Die Mayschoßer Genossenschaft wuchs schnell, bereits 1881 wurden 141 Mitglieder gezählt. 1873 hatten die Winzer begonnen, erste Gänge eines großen Gewölbekellers zu errichten. 1888 und 1889 kam dann der zweite und größte Kellergang zur Fasslagerung hinzu, ebenso der erste Stock des heutigen Bürogebäudes. 1968 feierten bereits 240 Mitglieder das 100-jährige Bestehen der Genossenschaft. 1982 wurde die Fusion mit der Winzergenossenschaft von Altenahr beschlossen, seitdem lautet der Name Winzergenossenschaft Mayschoß-Altenahr. An die Geschichte des Weinbaus in der Region erinnert in den Kellergewölben ein kleines Weinbaumuseum. Hier sind allerlei Geräte aus der Traubenbereitung zu sehen, etwa Kiepen, Handwagen zum Traubentransport, Scheren-Modelle, eine Traubenmühle aus dem Jahr 1900, eine Handkorkmaschine und eine halbautomatische Flaschenspülmaschine.

Die Winzervereinigung hat heute 320 Mitglieder, die eine Rebfläche von 121 Hektar bewirtschaften. 60 Prozent davon sind im Rotwein-Land Ahr mit Spätburgunder bewachsen, auf 20 Prozent wachsen Rieslingtrauben.
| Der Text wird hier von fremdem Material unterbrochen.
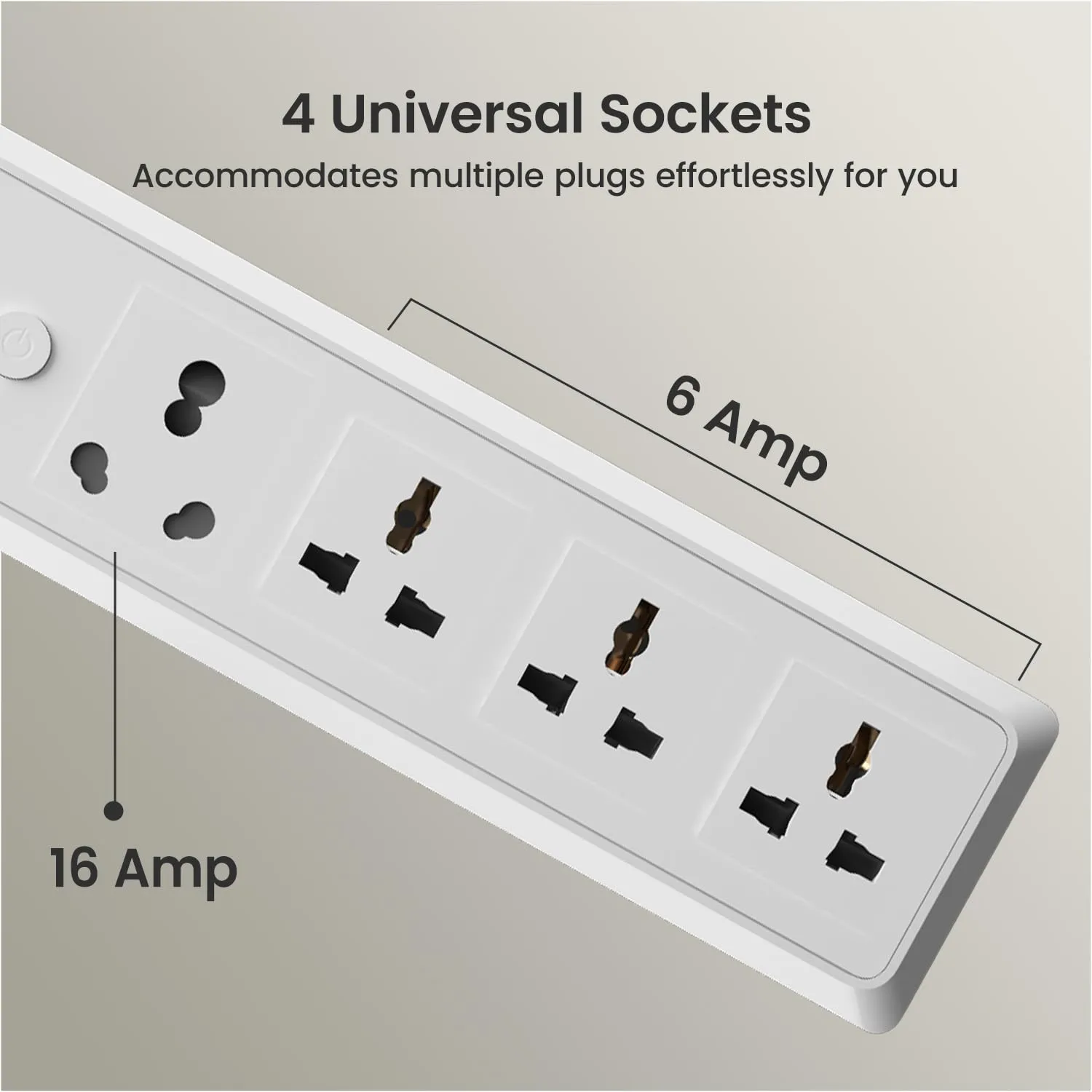 Portronics Power Plate 17 Extension Board with 4 Universal Sockets (White) overview 1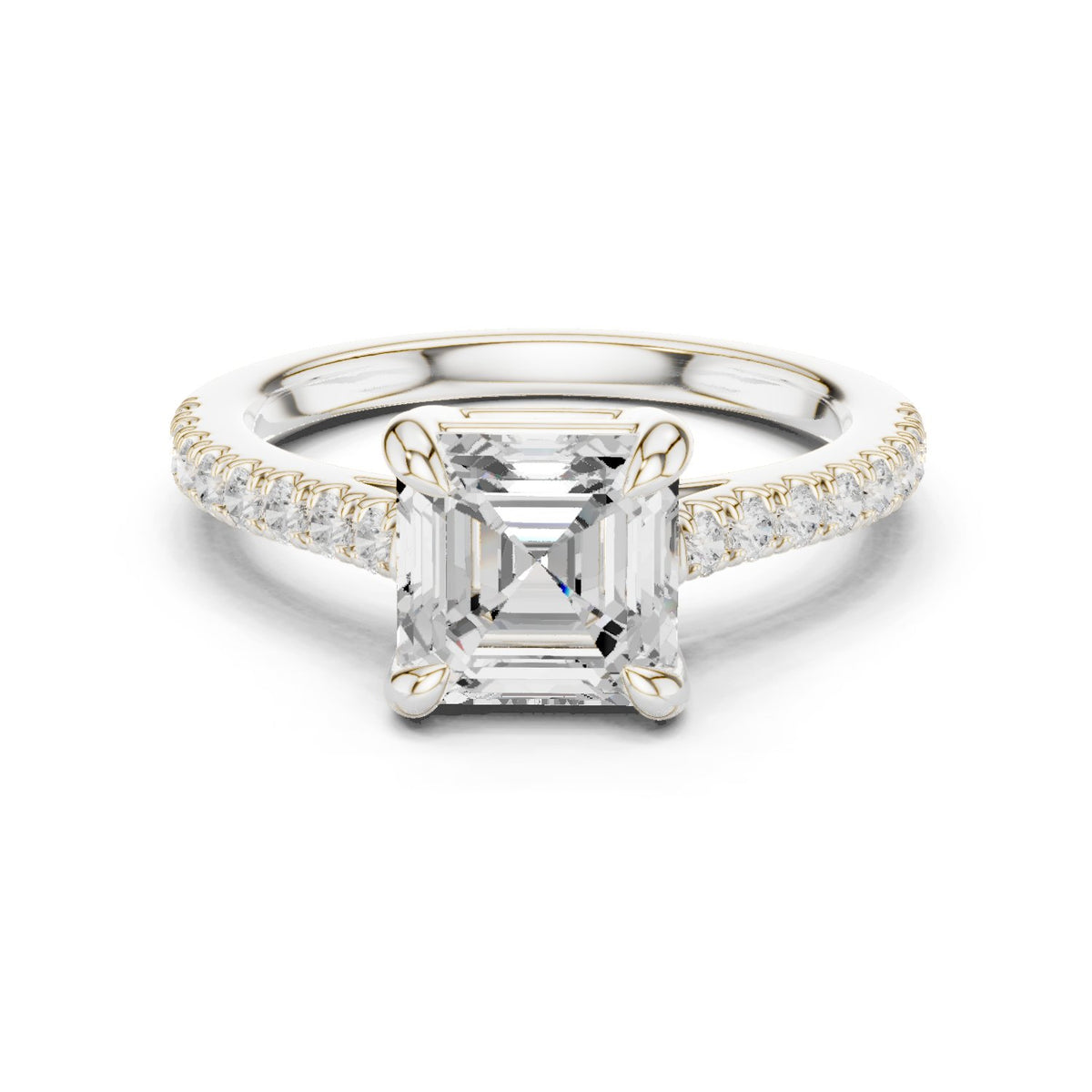 Asscher Cut Engagement Ring with Pavé Band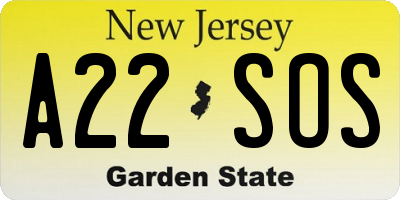NJ license plate A22SOS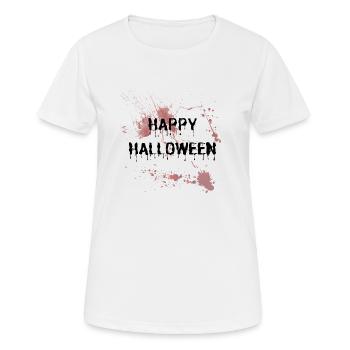 Happy Halloween Blut Mord Gruselig Mörder Tot - Frauen T-Shirt atmungsaktiv - Weiß - Vorne - AI Model Female 172 dark (172cm)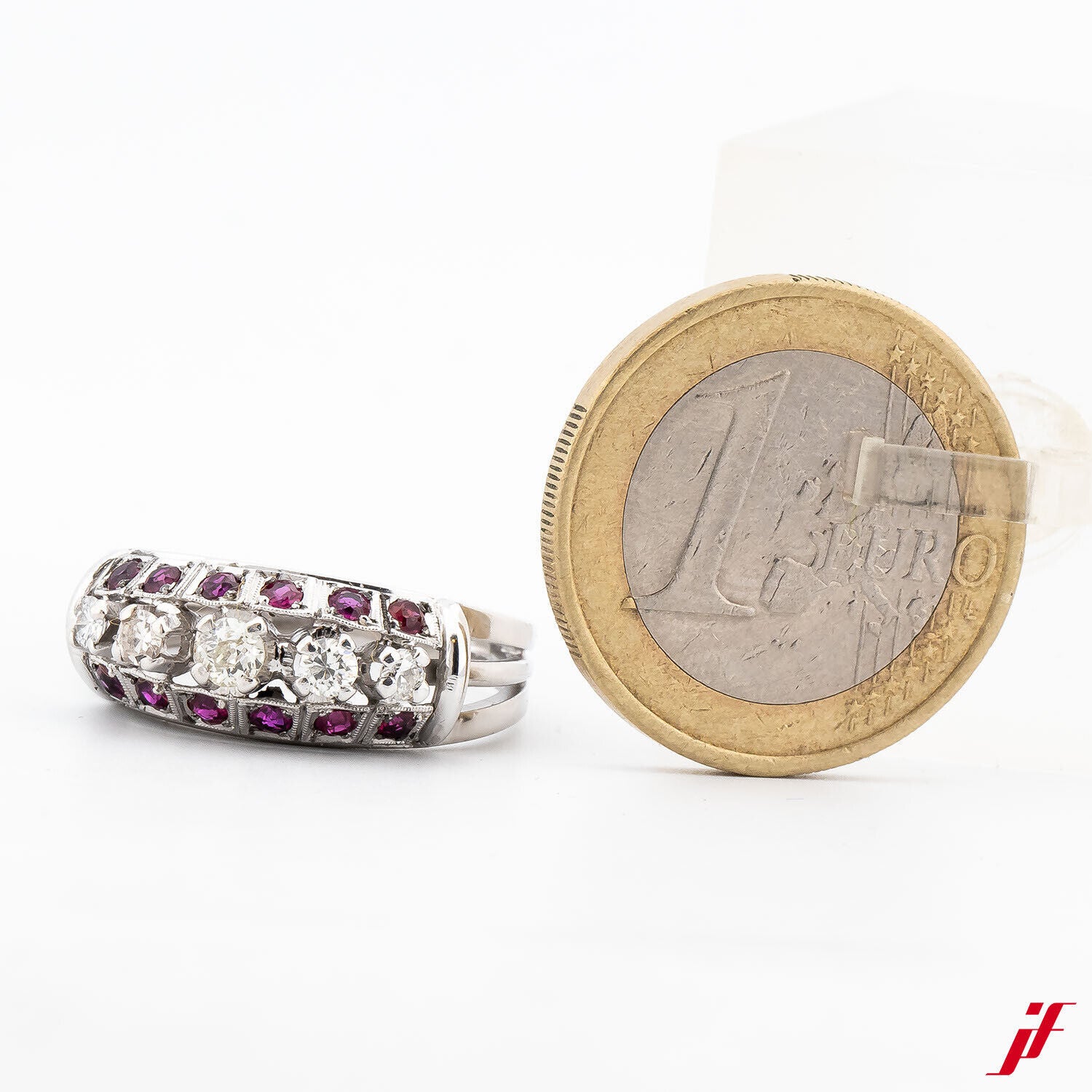 Damenring Klassisch 14K Weißgold Rubine 0,16 Diamanten Brillanten 0,20 57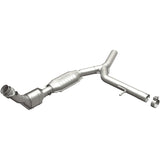 MagnaFlow direct-fit catalytic converter fits 2004-2008 Ford F-150 5.4L and 2006-2008 Lincoln Mark LT 5.4L passenger side stainless steel CARB compliant OBDII 49706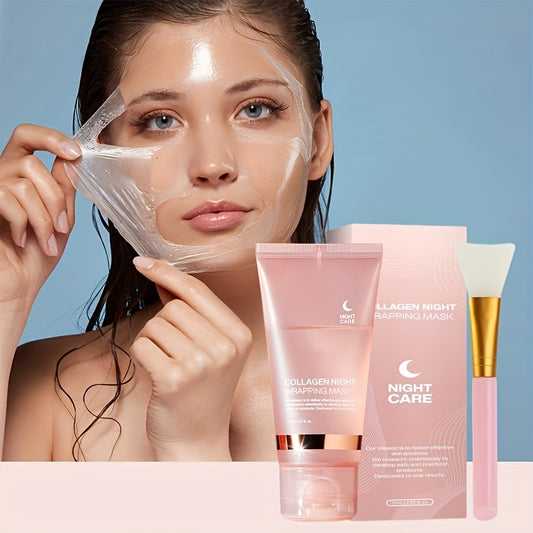 1pc Collagen Night Care Wrapping Mask with Applicator Brush, 75ml - Hydrating & Firming Facial Treatment for All Skin Types, Alcohol-Free, Unscented, Moisturizing with Hyaluronic Acid & Niacinamide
Mit einer Jahresproduktion von mehr als einer Million Litern gehört die Winzergenossenschaft zu den mittelgroßen in Deutschland - und zu den besten: 2000 wurde die Genossenschaft im renommierten Gault Millau zur "Entdeckung des Jahres" gekürt und wird als einzige Genossenschaft mit drei „F“ im Feinschmecker geführt. Zum 140. Jubiläum der Genossenschaft im Jahr 2008 gab es einen Jubiläumswein, gekeltert aus dem sehr guten Jahrgang 2007 – natürlich ein Spätburgunder.